3.17.2014

Guidebook to Murder

Guidebook to MurderGuidebook to Murder by Lynn Cahoon


Quaint, pretty South Cove, California, is home to Jill Gardner, a former lawyer who has found her bliss in running a bookstore-café, Coffee, Books, and More. When she was a newcomer in town, octogenarian Miss Emily was her first friend, offering iced tea and a sympathetic ear. Now the town is threatening to knock down Miss Emily's ramshackle house to build sleek condos. Jill goes to see her friend and to mow her lawn, only to find the old woman dead in her bed, with a teacup and a Regency romance on the nightstand. Only faint marks on her neck hint that she didn't die of natural causes.

As the plot unfolds, many characters present themselves as possible suspects, including disgruntled distant relatives and a would-be land developer whose trophy wife's dog bites Jill in her own café. Miss Emily and her property prove to have had secrets that could have inspired homicide.

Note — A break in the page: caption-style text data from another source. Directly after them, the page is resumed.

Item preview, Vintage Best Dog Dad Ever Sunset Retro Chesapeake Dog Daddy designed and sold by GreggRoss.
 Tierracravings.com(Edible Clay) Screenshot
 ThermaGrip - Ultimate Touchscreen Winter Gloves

Add the sudden disappearance of Jill's friend Amy, whose presence on the job at Town Hall could have obstructed some of the less savory plans for the old house, and you have a storyline that keeps you reading, wondering, and hoping.

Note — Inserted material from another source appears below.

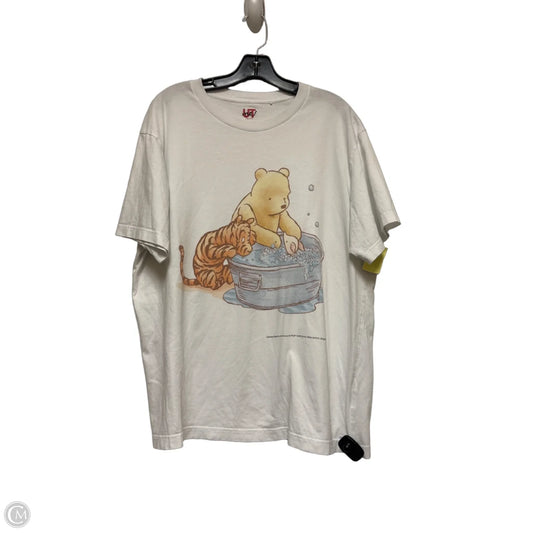Top Short Sleeve Basic By Uniqlo In White, Size: Xl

Often, the first of a proposed cozy series is stuffed with backstory and explication. I found myself wishing for more early detail about Miss Emily than her protective outburst against a teen who mowed down her fairy ring, and some details about the town itself from the book that one of the suspects purchases from Jill. Perhaps the author will be more generous about the town and its residents as the series progresses.

Three stars: I guessed the perp too soon, I disliked the thankfully-brief appearance of a faux gypsy, and lack of backstory. Kudos, however, for the Oxford comma in the name of Jill's café!

I received a free galley of this book from NetGalley. This is a fair reivew.